Which lines in the records below hold the word "with"? Copy each of them.

┌─ INFORMATION

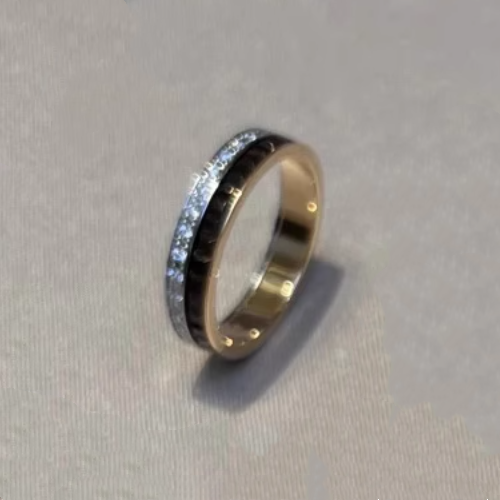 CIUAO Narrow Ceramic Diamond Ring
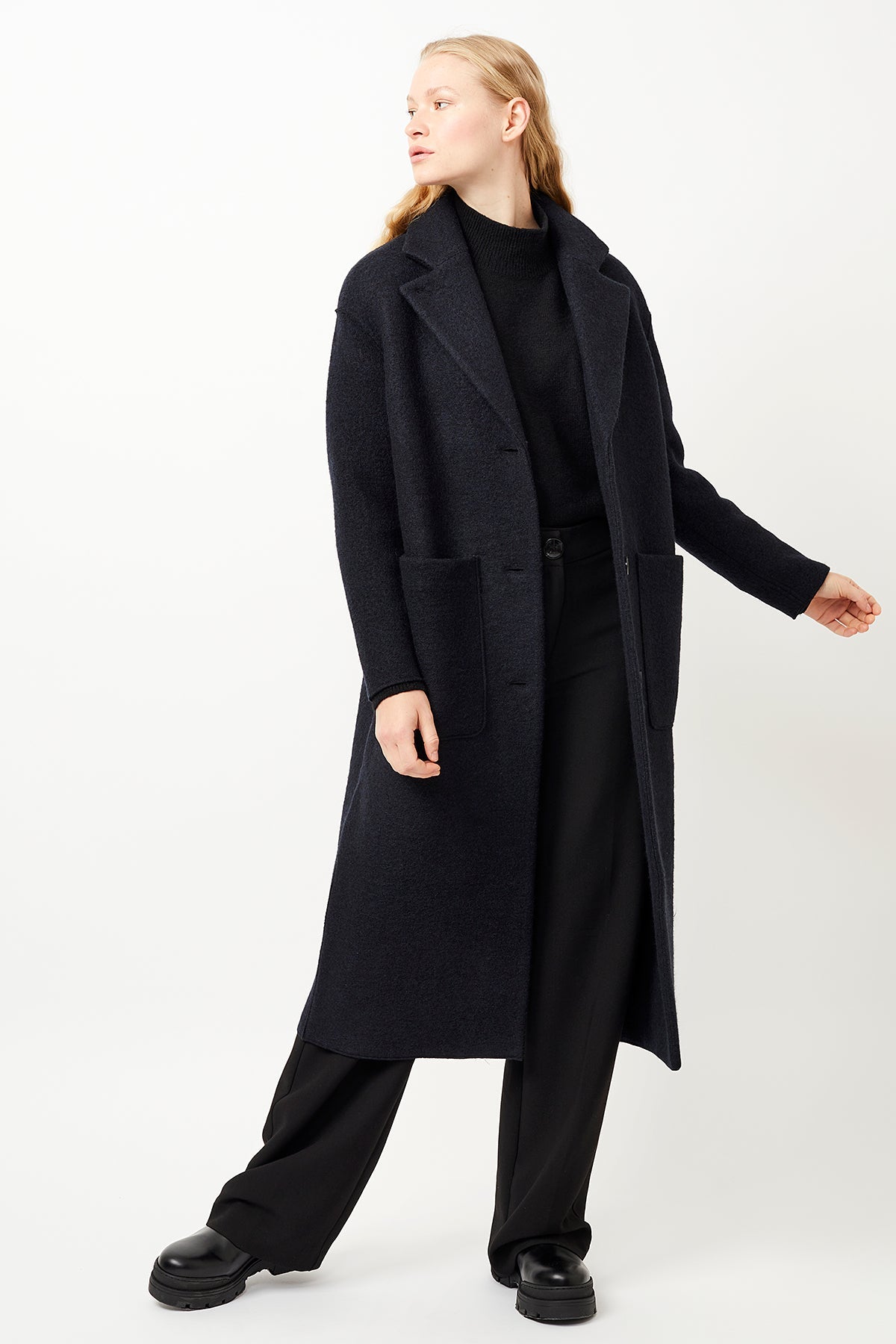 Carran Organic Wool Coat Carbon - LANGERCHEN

└─
┌─ INFORMATION

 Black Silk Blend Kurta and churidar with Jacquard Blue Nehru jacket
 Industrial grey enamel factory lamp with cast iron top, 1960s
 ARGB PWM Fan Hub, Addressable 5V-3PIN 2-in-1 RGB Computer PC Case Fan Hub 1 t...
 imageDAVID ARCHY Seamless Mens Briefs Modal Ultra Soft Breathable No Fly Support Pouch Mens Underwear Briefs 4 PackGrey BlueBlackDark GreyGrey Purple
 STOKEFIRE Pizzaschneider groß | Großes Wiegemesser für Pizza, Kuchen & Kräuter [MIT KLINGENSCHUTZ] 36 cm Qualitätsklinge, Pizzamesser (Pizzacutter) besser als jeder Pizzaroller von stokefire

└─

**WRITTEN RESPONSE:**
 Black Silk Blend Kurta and churidar with Jacquard Blue Nehru jacket
 Industrial grey enamel factory lamp with cast iron top, 1960s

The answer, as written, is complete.